The first ecclesiastics at the rise of Christianity – did they conceive themselves authorized to excommunicate Tiberius, Nero, Claudius, or even Constantine, who was a heretic? How then have pretensions thus monstrous, ideas thus atrocious, wicked attempts equally condemned by reason and by natural and religious rights, been suffered to last so long? If a religion exists which teaches like horrors, society ought to proscribe it, as directly subversive of the repose of mankind. The cry of whole nations is already lifted up against these pretended canonical laws, dictated by ambition and by fanaticism. It is to be hoped that sovereigns, better instructed in their rights, and supported by the fidelity of their people, will terminate abuses so enormous, and which have caused so many misfortunes. The author of the "Essay on the Manners and Spirit of Nations" has been the first to forcibly expose the atrocity of enterprises of this nature.
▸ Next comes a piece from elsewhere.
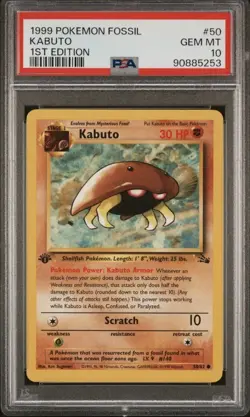 1999 Pokemon Card Fossil Set 1stEdition Kabuto #50 PSA 10 50/62English - Image 1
SECTION VOf the Superintendence of Doctrine

The sovereign is not the judge of the truth of doctrine; he may judge for himself, like all other men; but he ought to take cognizance of it in respect to everything which relates to civil order, whether in regard to purport or delivery.

This is the general rule from which magistrates ought never to depart. Nothing in a doctrine merits the attention of the police, except as it interests public order: it is the influence of doctrine upon manners that decides its importance. Doctrines which have a distant connection only with good conduct can never be fundamental. Truths which conduce to render mankind gentle, humane, obedient to the laws and to the government, interest the State, and proceed evidently from God.

SECTION VISuperintendence of the Magistracy Over the Administration of the Sacraments

The administration of the sacraments ought to be submitted to the careful inspection of the magistrates in everything which concerns public order.

It has already been observed that the magistrate ought to watch over the form of the public registry of marriages, baptisms, and deaths, without any regard to the creed of the different inhabitants of the State.

Similar reasons in relation to police and good government – do they not require an exact registry in the hands of the magistracy of all those who make vows, and enter convents in those countries in which convents are permitted?

In the sacrament of repentance, the minister who refuses or grants absolution is accountable for his judgment only to God; and in the same manner, the penitent is accountable to God alone, whether he consummates it all, or does so well or ill.

No pastor, himself a sinner, ought to have the right of publicly refusing, on his own private authority, the eucharist to another sinner. The sinless Jesus Christ refused not the communion to Judas.

Extreme unction and the viaticum, if demanded or requested by the sick, should be governed by the same, rule. The simple right of the minister is to exhort the sick person, and it is the duty of the magistrate to take care that the pastor abuse not circumstances, in order to persecute the invalid.

Formerly, it was the Church collectively which called the pastors, and conferred upon them the right of governing and instructing the flock. At present, ecclesiastics alone consecrate others, and the magistracy ought to be watchful of this privilege.

It is doubtless a great, though ancient abuse, that of conferring orders without functions; it is depriving the State of members, without adding to the Church. The magistrate is called upon to reform this abuse.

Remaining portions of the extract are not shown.